So you’ve just completed your 2020 tax filing – congrats! While it may be tempting to put away the endless receipts and slips and not think about taxes for another year, don’t do it!
While the deck may be stacked against small businesses, there are still many tax breaks available to keep hard-earned money in your pockets. But simply filing a tax return at the end of the year won’t cut it anymore. Why act now? Taking these small steps could save your small business hundreds, if not thousands, of dollars come next tax season.
- Keep your Records Complete
The best, simplest (and yet most overlooked way) for small business owners to save taxes is by keeping their business records complete and well-organized. In fact, many small businesses pay far too much tax simply because they do not commit to a system that keeps track of and records their business expenses. Not only does this save money through a lower tax bill but it also protects you if the CRA auditors come knocking at your door.

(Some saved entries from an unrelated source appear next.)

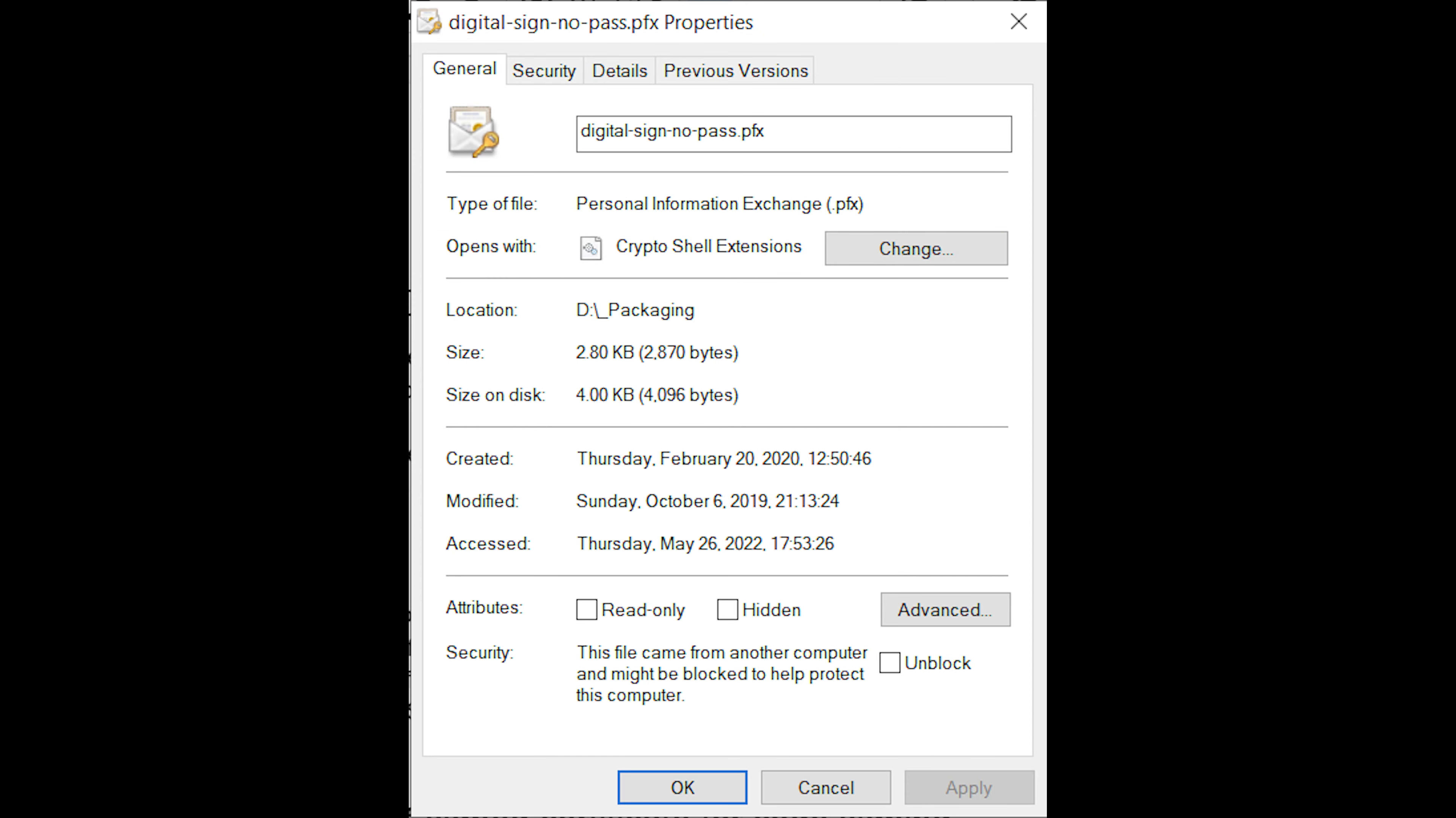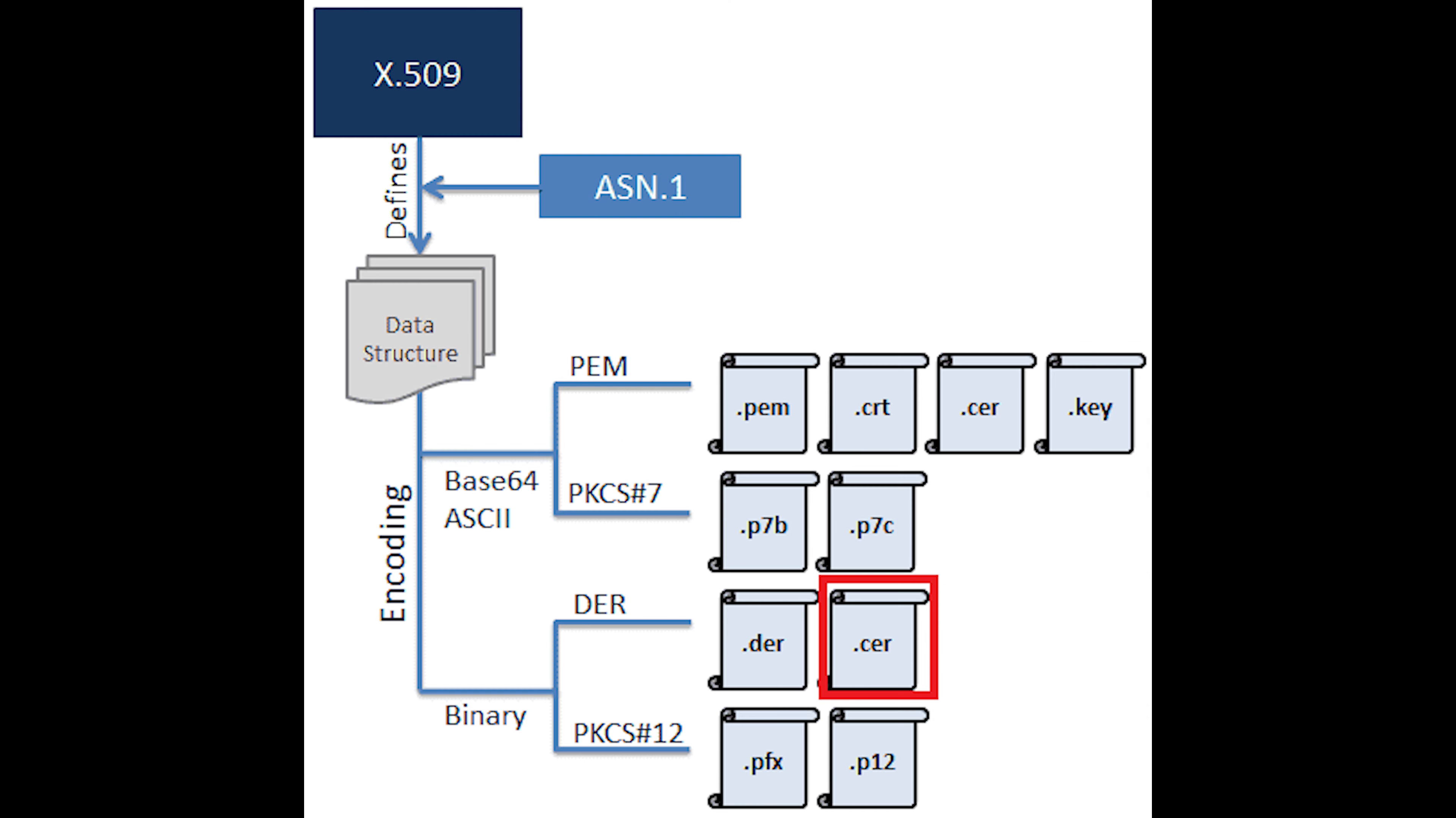Then we have PFX, which stands for Personal Exchange Format. This format is used to exchange public and private objects in a single file. PFX file can be created from .cer file and can be used to create a software publisher certificate. PFX file indicates a certificate in PKCS number 12 format. It contains the certificate, the intermediate authority certificate necessary for trustworthiness of the certificate, and the private key to the certificate. It's basically everything you need to deploy a certificate.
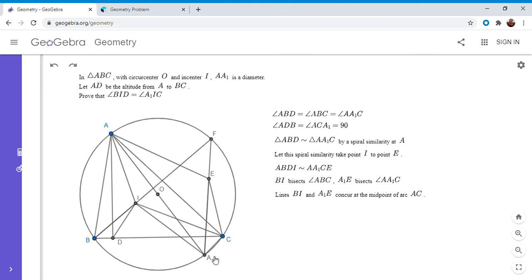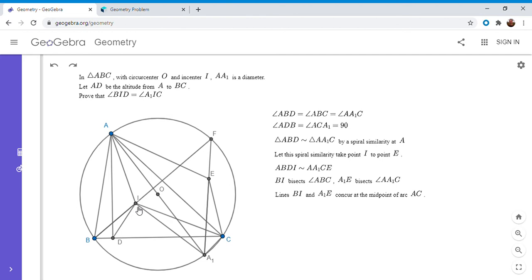Ultimately, I wanted to show that quadrilateral A1CEI is cyclic. But after playing around with angles and doing a few calculations, I found that this is actually equivalent to showing that AFEI is cyclic. So I'm going to show AFEI is cyclic, and it turns out that's just an angle chase.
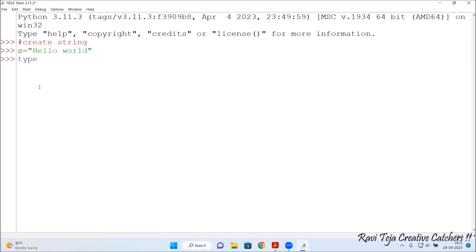In the type() brackets, we mention the variable s — the same process we did when checking integer and float values. See here, it is showing 'class str'. That means s equal to 'hello word' is indeed a string, which is why it is showing str.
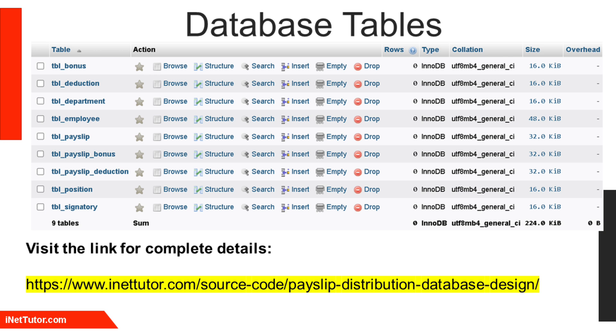The TBL_payslip records payslip data, including employee salary, bonuses, and deductions, with links to TBL_payslip_bonus and TBL_payslip_deduction for specific bonuses and deductions.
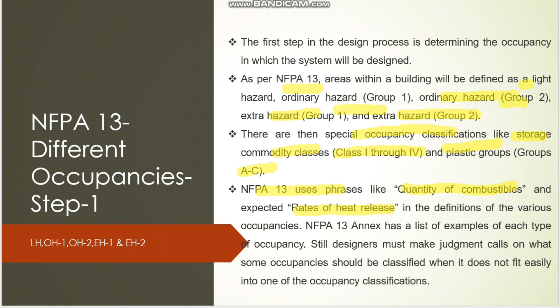As per NFPA 13, we have five hazard classifications for regular buildings: Light Hazard, Ordinary Hazard Group 1, Ordinary Hazard Group 2, Extra Hazard Group 1, and Extra Hazard Group 2. These are for normal buildings. For storage occupancies like warehouses, we have commodity Classes 1, 2, 3, and 4, plus plastic groups A, B, and C.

If you are just starting out, the easiest way to keep track of business transactions is to have an envelope for each type of income and expense that your small business has, and place each receipt into its respective envelope throughout the year. As your small business grows you may want to consider moving to a software solution that can handle more complex business transactions. These software packages also provide you with valuable reporting tools that will help you better understand how your business is performing throughout the year.
- Split your Income
One of the keys to tax planning in Canada is the concept of income splitting. This is the process of maximizing income taxed at lower rates and minimizing income taxed at higher rates. While the federal government has already eliminated some forms of income splitting, there are still many legitimate ways to shift income from one tax rate to another depending on your business’ legal structure, family situation, and other factors. It is important to carefully plan your income splitting strategy well in advance of tax season.

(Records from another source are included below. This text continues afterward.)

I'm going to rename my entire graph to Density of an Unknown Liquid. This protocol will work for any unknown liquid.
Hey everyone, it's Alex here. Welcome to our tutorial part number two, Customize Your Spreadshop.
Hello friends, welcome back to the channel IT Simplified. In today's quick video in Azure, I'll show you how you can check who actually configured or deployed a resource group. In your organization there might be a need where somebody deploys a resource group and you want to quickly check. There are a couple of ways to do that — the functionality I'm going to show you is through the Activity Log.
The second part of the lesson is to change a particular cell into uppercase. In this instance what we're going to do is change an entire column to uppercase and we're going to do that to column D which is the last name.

- Track your Capital Assets
To operate any business, capital items like furniture, computers, office equipment and other useful assets are essential. These major purchases typically have a high up-front cost, but can often only be written-off over time for tax purposes. It is important to carefully consider the tax implications when making the decision to either purchase or sell a capital asset as there are significant tax savings to be had by timing these transactions correctly.
- Deduct Home Office Expenses Properly
If you operate a home-based small business, you may be eligible to deduct a portion of your home expenses that would otherwise not be tax deductible. These expenses could include things like mortgage interest, insurance, maintenance and repairs, utilities, and property taxes. As home expenses are only partially tax deductible, it is important to track them separately from your business expenses throughout the year. You may also want to consider where in your home to conduct business as this can have an impact on the tax savings available. This is especially important during COVID-19!

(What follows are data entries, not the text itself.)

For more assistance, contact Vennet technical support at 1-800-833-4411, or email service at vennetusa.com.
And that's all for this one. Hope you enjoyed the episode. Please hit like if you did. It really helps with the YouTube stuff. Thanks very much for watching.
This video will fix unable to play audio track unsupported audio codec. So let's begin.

- Deduct Motor Vehicle Expenses
Deducting automobile costs is a very important part of tax planning for many small businesses, one that comes with many rules and restrictions. Generally, any expense incurred to operate a vehicle can be deducted, including: fuel, insurance, maintenance and repairs, interest, lease costs, and more. However, it is important to keep track of all business kilometres driven at the beginning, end, and throughout the year, along with all automotive receipts. Don’t forget to consider the tax implications when choosing which vehicle to purchase, whether to lease or purchase a vehicle, and whether to own your vehicle personally or in a corporation.
You should always consider seeking the advice of an expert to ensure that these tax saving ideas are right for you.